Q4: What is your incident detection-to-notification SLA, and what constitutes an incident for AI-specific failure modes, including hallucination at scale, bias detection in production outputs, and confirmed prompt injection breaches?
Most vendors have a standard incident response SLA covering data breaches and system outages. Fewer have documented incident definitions that include AI-specific failures. If the vendor's incident response policy does not define hallucination at scale as a reportable event, you will not be notified when it happens.
Q5: If your model is updated and the update changes behavior in ways that affect my use case, what is my recourse?
This question distinguishes vendors with real model governance from vendors who update models as they choose and treat customer complaints after the fact. The answer you want is some combination of advance notice, staging environment access, and a rollback mechanism. The answer that should concern you is "updates are applied automatically and we cannot revert individual customer environments."
Reassessment cadence
Vendor assessment is not a one-time activity. GenAI models update more frequently than traditional software, and behavior changes between versions can affect accuracy, bias properties, and safety in ways that are not always announced. A model that passed your initial assessment in January may behave differently in June after a silent update.
The Treasury FS AI RMF sets the cadence. Tier 1 vendors (customer-facing AI, regulated decision support, operationally critical systems) require quarterly review. That does not mean a full assessment every quarter. It means requesting a SOC 2 bridge letter covering the period since the last full report, reviewing any model update announcements from the vendor, verifying that incident notification SLAs were met in the prior period, and re-running a spot test of key outputs on a defined test set you maintain internally.
Tier 2 vendors (lower-risk internal tools, productivity use cases, limited data exposure) can be reassessed annually. Annual reassessment should include a full SOC 2 review, a check on subprocessor changes, and a review of any regulatory or legal developments involving the vendor.
Build the reassessment calendar into your vendor contracts. Include a right to audit clause that allows you to request updated SOC 2 documentation and testing results at each reassessment interval. Most enterprise vendors will accept this language; resistance to a right to audit clause is itself a signal about the vendor's confidence in its controls.
For teams building out their vendor management program, the AI vendor due diligence checklist 2026 and embedded AI governance third-party tools guides provide supporting documentation templates. For companies that have already signed contracts and need to address gaps after the fact, the AI vendor contract redline template 2026 covers how to negotiate amendments.

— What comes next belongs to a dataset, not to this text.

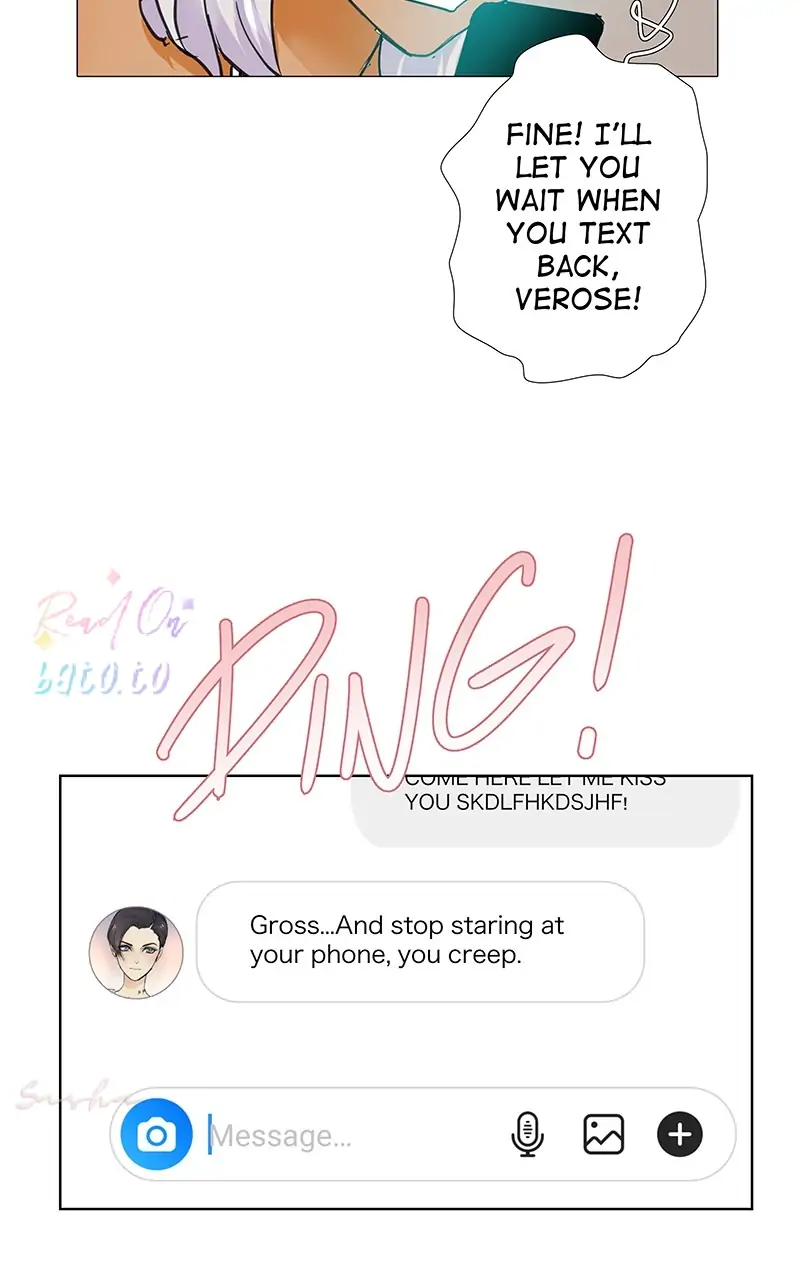 Read Freaking Romance (en) Manga Online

The GDPR AI enforcement picture is also shaping vendor risk. The GDPR AI fines enforcement cases article documents the cases from 2025 and early 2026 where companies faced penalties for AI systems that lacked adequate vendor oversight, including cases where the company's own governance was adequate but the vendor's was not, and the company bore the liability anyway.
The regulatory direction is toward more accountability, not less. The Treasury FS AI RMF is the current leading edge of that direction in the US. Treating it as a financial services-only concern misreads where procurement standards are heading.